On the weekend, we said goodbye to our magnificent raintree – the tree that all other trees in our neighbourhood used to look up to.
It was a tree you could see from streets away and made our property immediately identifiable on Google Earth. It was home to bird life and native wildlife, it would take 3 and half people’s arms fully outstretched to give it a proper hug. When the breeze blew through the leaves, you would be showered in flecks of gold as they fell to the ground. An overly romanticized memory perhaps, but it was one of the reasons that we fell in love with our home.
Unfortunately, in 2011, Severe Tropical Cyclone Yasi dealt it a blow from which it never recovered. We should have bitten the bullet there and then, and had it removed – but we didn’t. There it sat for over 8 years, this once noble tree, becoming weaker and more dangerous every day.
So why didn’t we deal with it? Fear.
It seemed insurmountable. And the lopping companies appeared to agree.
Every lopper who came, would stand at its base, look up at it, walk around it, kick it….look up again, rubbing their chin and saying “that’s a big tree”. They would then look at the narrow access, the shed beside it (which meant very little room to drop the limbs), look over the fence at the neighbour’s yard (zero access), look back at the tree and say again “that’s a big tree”. Whilst they all promised to come back to us with a price, they never did.
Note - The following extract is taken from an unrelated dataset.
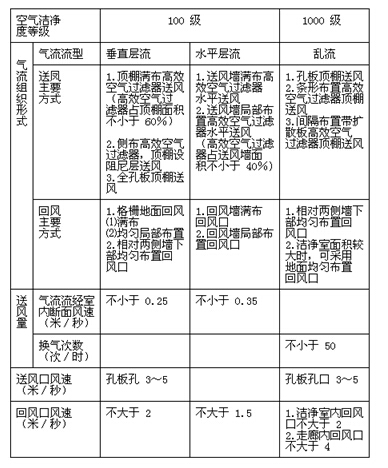 潔凈室氣流組織和送風(fēng)量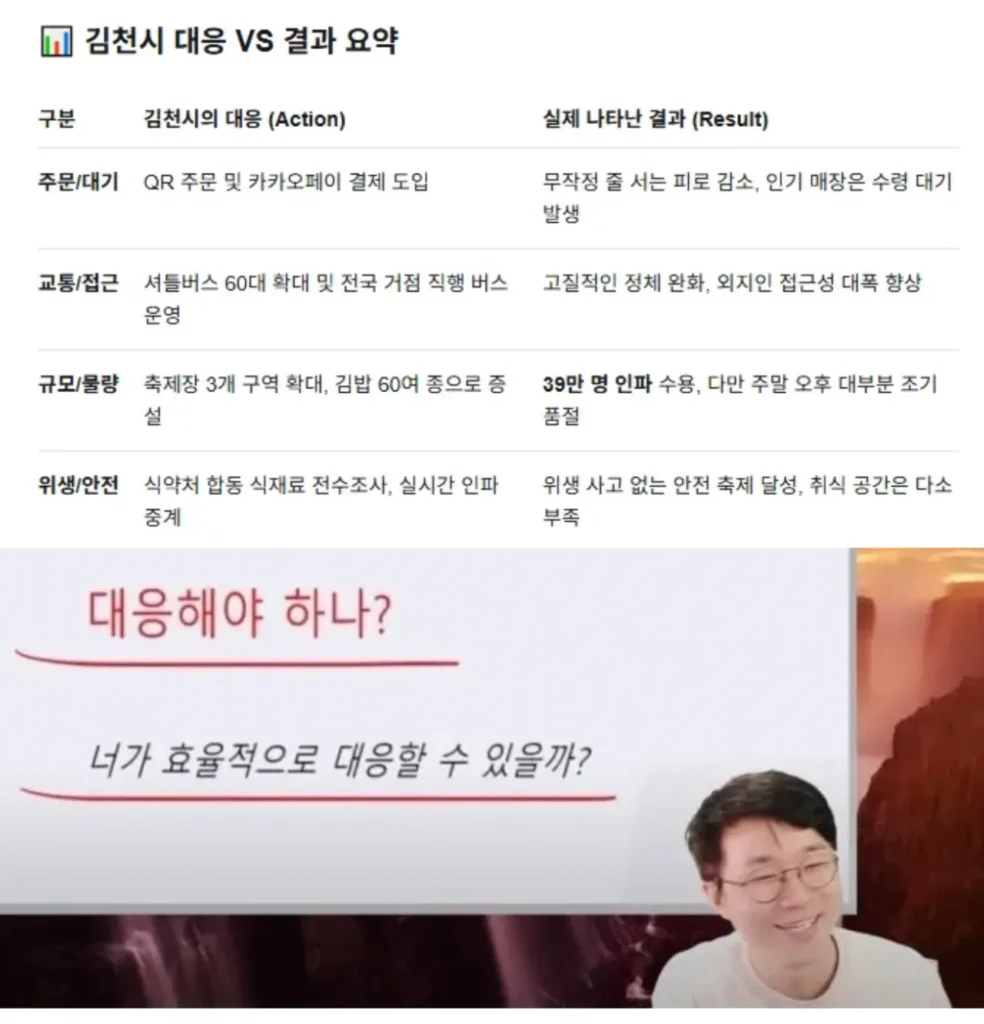 올해도 눈치싸움 실패한 김천 김밥 축제 공뭔 VS 관광객 눈치싸움 결과.story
It was insurmountable.
Except for one. These were the guys, who after looking at the big picture, then broke it down into smaller steps. It was both methodical and masterful, making a massive job doable. So 7 hours, one cherry-picker, two cranes and some serious climbing and chainsaw skills later, it was done. A sizeable chunk of real estate behind the shed has now opened up for us to consider some new and exciting possibilities.
When you have a fear (like public speaking) or any project that feels insurmountable, it really does help to break it down into smaller steps. Then work on those steps individually (without having to look at the whooooole tree). Before you know it, what appeared insurmountable is done and a whole new world of possibility has opened up.
Some would say the moral of this story is ‘don’t plant big trees’ (or buy a property with them) – I’d say life’s too short to think small.